_TASK TO COMPLETE_
Retype the whole listing, please, keeping every line exact and dropping the pictures.
*** RAW DATA ***
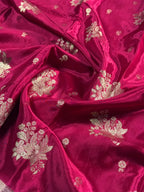 Pure Klassy Viscose Saree 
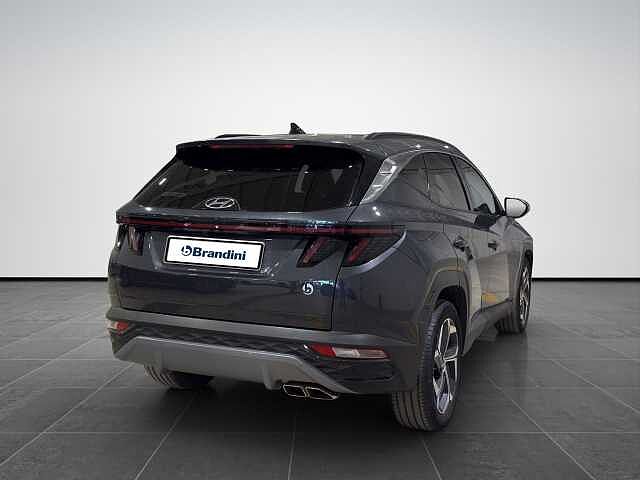 Hyundai TUCSON TUCSON 1.6 hev Exellence 2wd auto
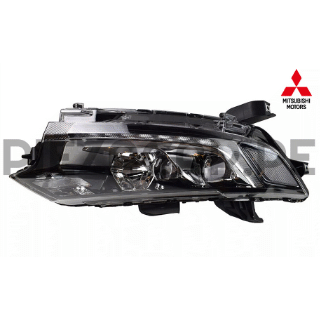 Faro delantero para Mitsubishi Outlander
*** End of RAW DATA ***
_ANSWER TO THE EXERCISE_
 Pure Klassy Viscose Saree 
 Hyundai TUCSON TUCSON 1.6 hev Exellence 2wd auto
 Faro delantero para Mitsubishi Outlander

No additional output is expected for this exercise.